November 12, 2018
Hogue, Gagné, Langlois (ad hoc)
Appeal from a judgment of the Superior Court allowing in part an application for damages for breach of a contract of employment. Dismissed.
The employee, a lab technician, resigned after 32 years of service to work for a competing business. The employer brought an action for damages based on the failure to give notice of resignation and breach of the duty of loyalty. The employer submitted that several clients had requested that their file be transferred to the competitor or had simply filed their new prescriptions there. The Superior Court found that the resignation was untimely and caused the employer prejudice. The Court fixed the reasonable notice of termination at 2 months’ salary ($12,000). It found that the employee did not breach his duty of loyalty. Finally, it ordered the employer to pay legal costs, except for expert fees.
An employee who decides to terminate the employment relationship without notice, in breach of article 2091 of the Civil Code of Québec (L.Q. 1991, c. 64) (C.C.Q.), may work for a competitor without violating his or her duty of loyalty. The employee nevertheless remains bound to make reparation for injury caused by his or her failure to give notice. The judge did not make any decisive error in concluding that the employee did not violate the duty of loyalty imposed by article 2088 C.C.Q. In addition, by resigning in an untimely manner, the employee did not commit a clear and distinct fault that could give rise to the theory of abuse of right.

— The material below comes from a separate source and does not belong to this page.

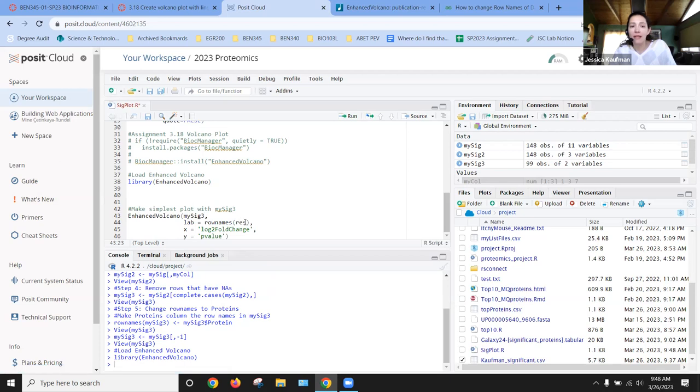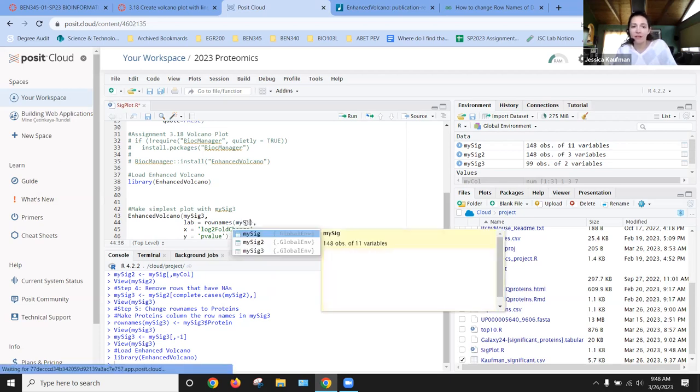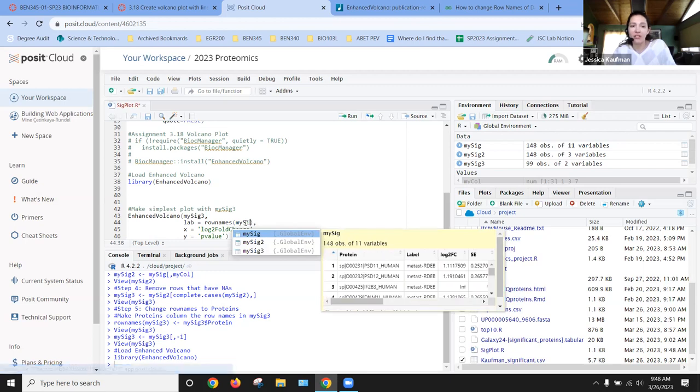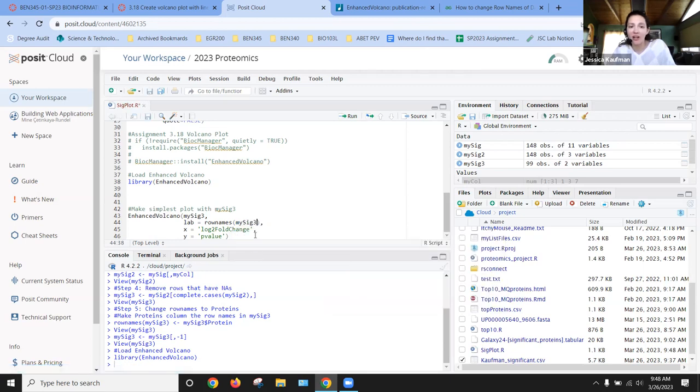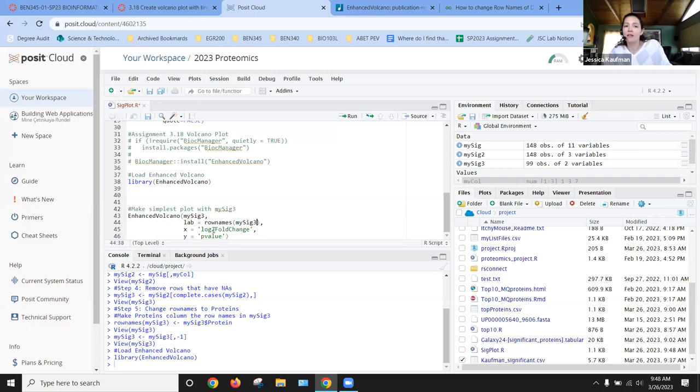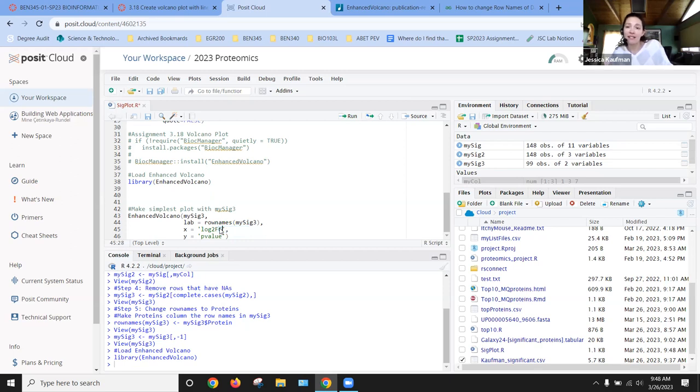The label is going to be the row names from the data frame. Luckily, we just changed our data so that the row names are something meaningful. The x value on the graph should be log2 fold change, but the name of that column for us is log2fc.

The length of the notice of termination (2 months) was established in light of the criteria set out in the case law. There is no reason to intervene in this respect. The arbitrary use of the employee’s salary as a method of assessing the injury, however, is inappropriate. That being said, the indemnity of $12,000 awarded by the judge does not seem unreasonable given the evidence of lost profits. Moreover, the employer did not establish the likelihood that measures implemented during a reasonable notice of termination period would have been effective for retaining its customer base. The employer also failed to discharge the burden of proof incumbent on a party claiming compensation pursuant to the theory of loss chance. Finally, the reasons underlying the judge’s choice regarding legal costs can easily be inferred from the judgment, which grants only a small portion of the claim.
Interpretation of article 2088 C.C.Q.